Time frame: 56 months
Duration of Response
Duration of response was defined as time between the onset of response and disease progression in months, among patients treated at the recommended phase II dose who experienced a response to treatment. Per criteria of the International Myeloma Working Group, progressive disease was defined as one of the following: increase of 25% from best confirmed response in serum M-component, urine M-component, free light chain (FLC), bone marrow plasma cell percentage, or development of new or increase in size of bone lesions or soft tissue plasma cytomas.

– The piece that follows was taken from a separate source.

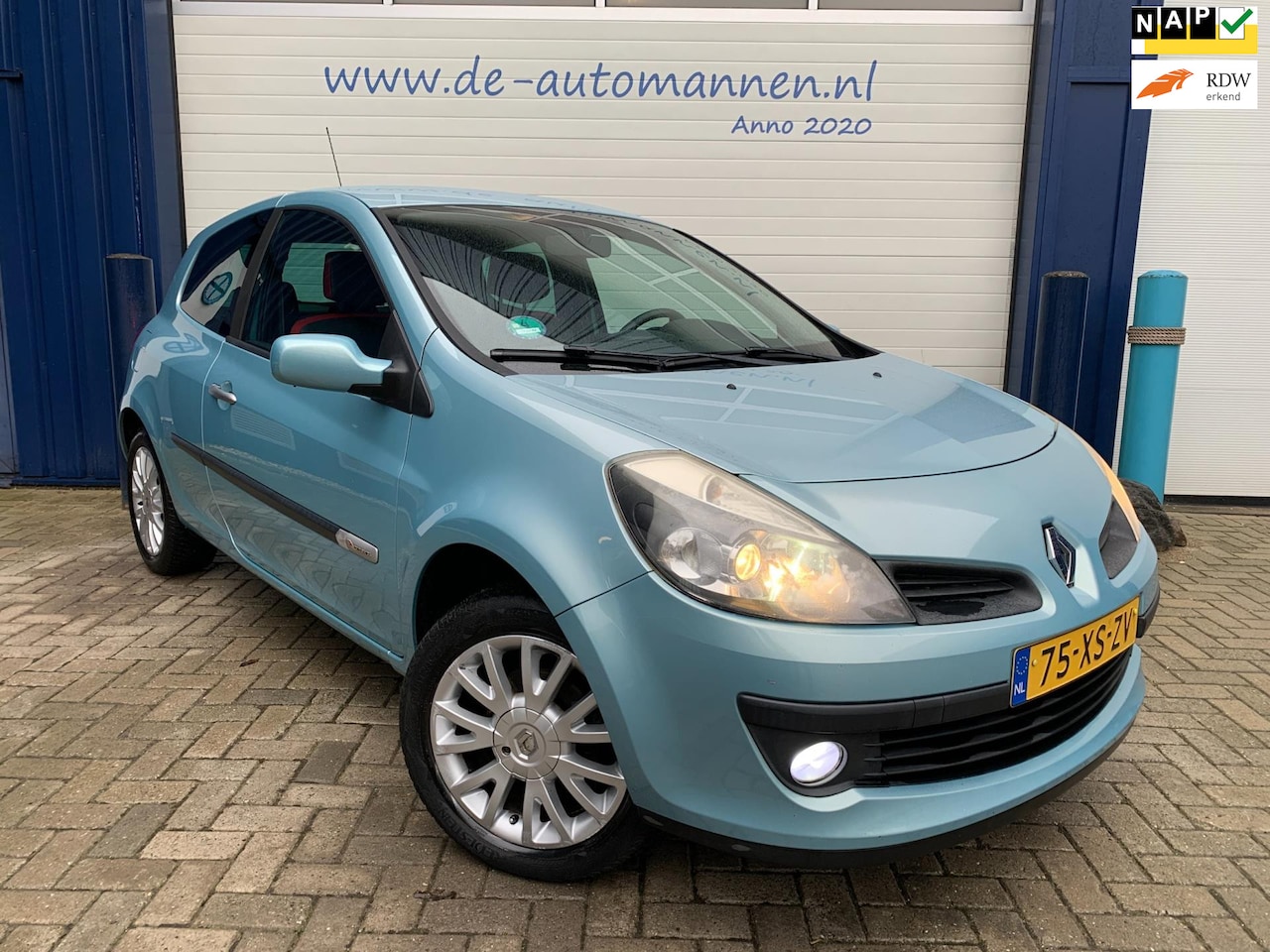 Renault Clio - 1.2 TCE TURBO 101pk Rip Curl 3-drs / AIRCO / APK 09-2025 - AutoWereld.nl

Development of hypercalcemia that can be attributed solely to the myeloma also constituted progression.
Time frame: 56 months
Worst Degree Treatment-Related Adverse Events Across All Event Types Per Patient
The highest degree of any adverse event experienced by each patient, as assessed by NCI CTCAE Version 4, with an attribution of possibly, probably, or definitely related to treatment. Reportable adverse events included those occurring while on treatment or within 30 days of the end of treatment.
Time frame: 56 months
Renal Function Over Time
To describe renal function over time and to evaluate the safety profile of a onetime increase in lenalidomide dose at least 2 cycles after start of treatment due to improved renal function.
Time frame: 56 months
Pharmacokinetics of Lenalidomide in Impaired Renal Function
To determine the pharmacokinetics of lenalidomide administration in myeloma patients with impaired renal function (pharmacokinetic analysis will be performed in up to 12 consented Mayo Clinic subjects treated during the Phase II component of the trial (only).
Time frame: 56 months
Progression-free Survival
Progression-free survival is the time from registration to disease progression or death. Patients alive without disease progression were censored at the time of the last disease assessment.